Exercise details - Omit the pictures. Transcribe exactly the lines below, from the one with "Cycad - one of the plants poisonous to cats" up to and including the last.

Excerpts from a dataset -
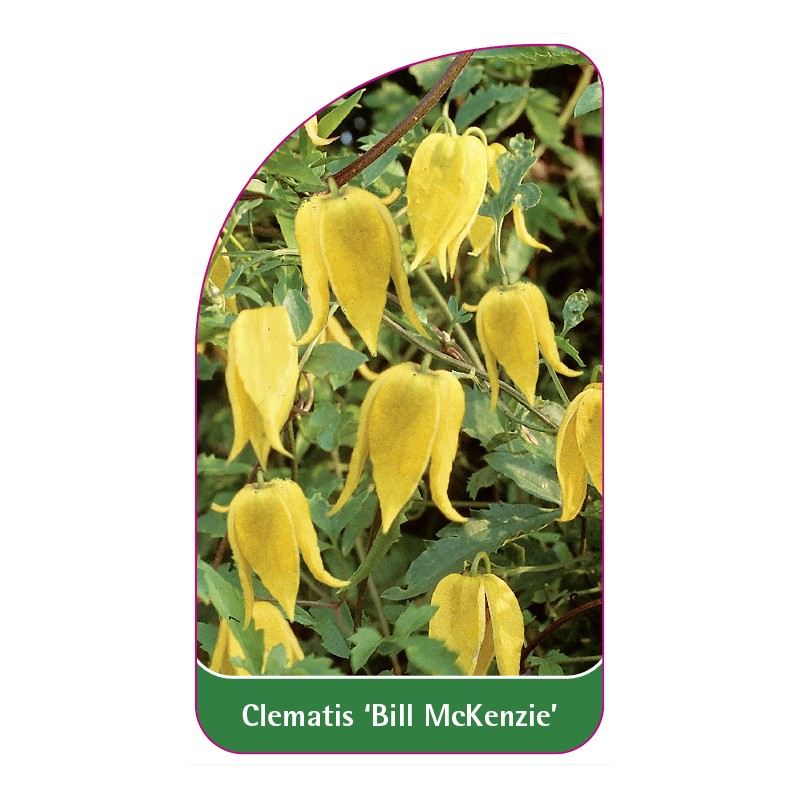 clematis-bill-mackenzie-0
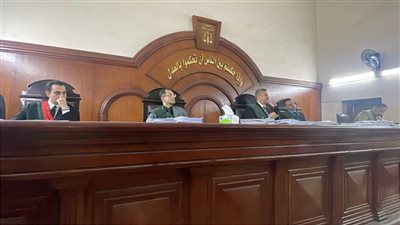 جنايات دمنهور: إحالة أوراق 3 أشخاص لفضيلة مفتى الجمهورية لأخذ الرأي الشرعي في إعدامهم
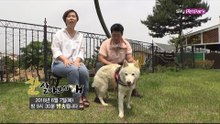[70회 예고] 반려견들과 함께하는 전원 라이프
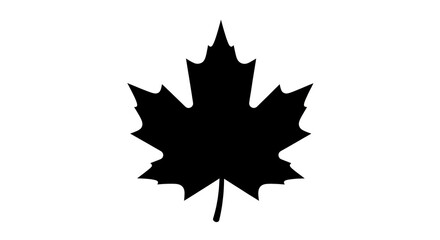 Fototapeta premium Black silhouette of maple leaf.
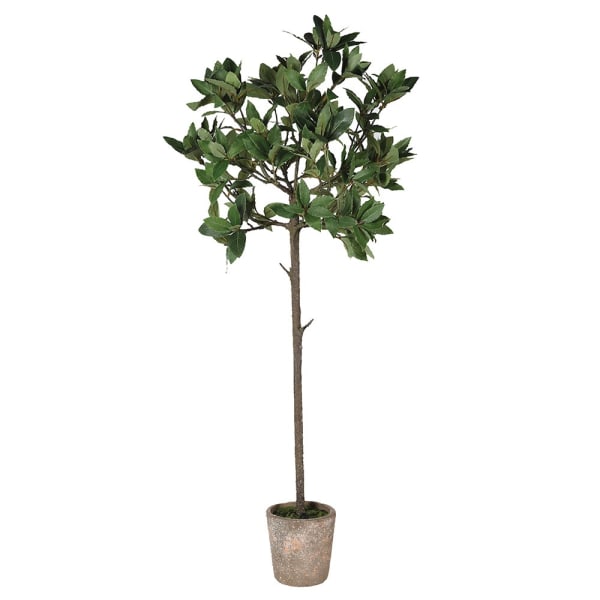 Small Olive Tree in Clay Pot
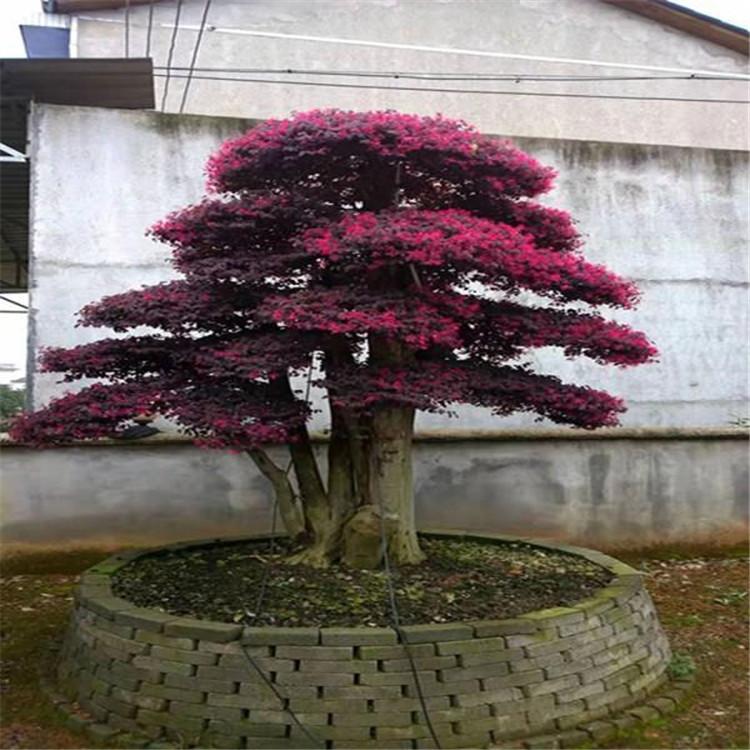 花友 红花继木盆景地景植物大型庭院别墅造型风景树老桩红花檵木 红花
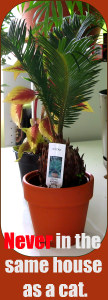 Cycad - one of the plants poisonous to cats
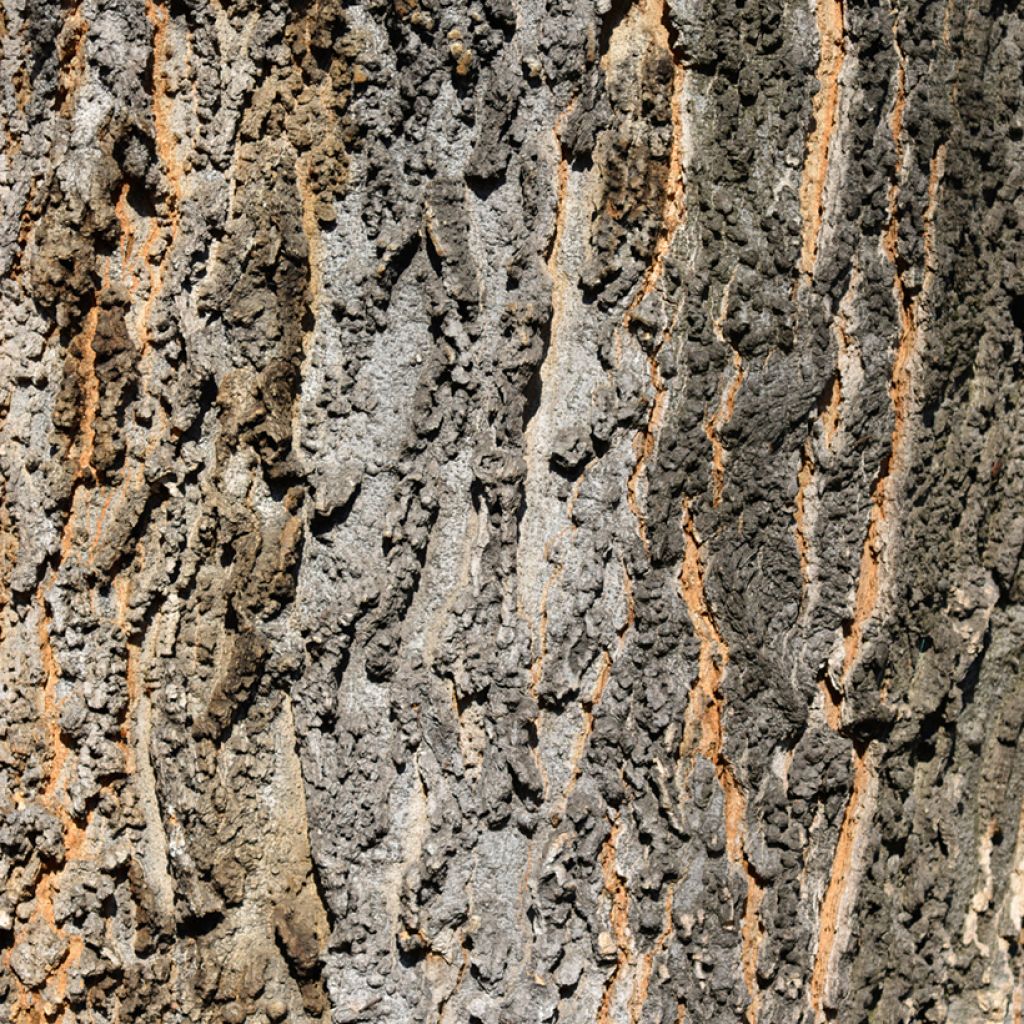 Celtis occidentalis - Micocoulier de Virginie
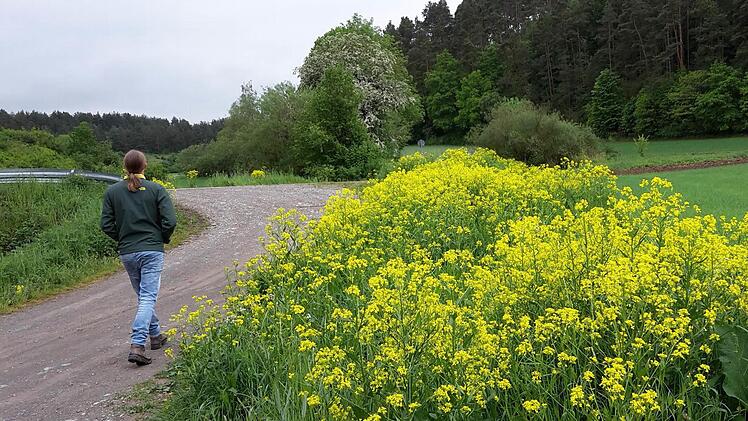 Für Spaziergänger ist die Zackenschote ein gelber Farbtupfer am Wegesrand. Landwirten macht allerdings Sorge, dass sich das Gewächs immer weiter ausbreitet.  Foto: Heike Beudert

Written solution -
 Cycad - one of the plants poisonous to cats
 Celtis occidentalis - Micocoulier de Virginie
 Für Spaziergänger ist die Zackenschote ein gelber Farbtupfer am Wegesrand. Landwirten macht allerdings Sorge, dass sich das Gewächs immer weiter ausbreitet.  Foto: Heike Beudert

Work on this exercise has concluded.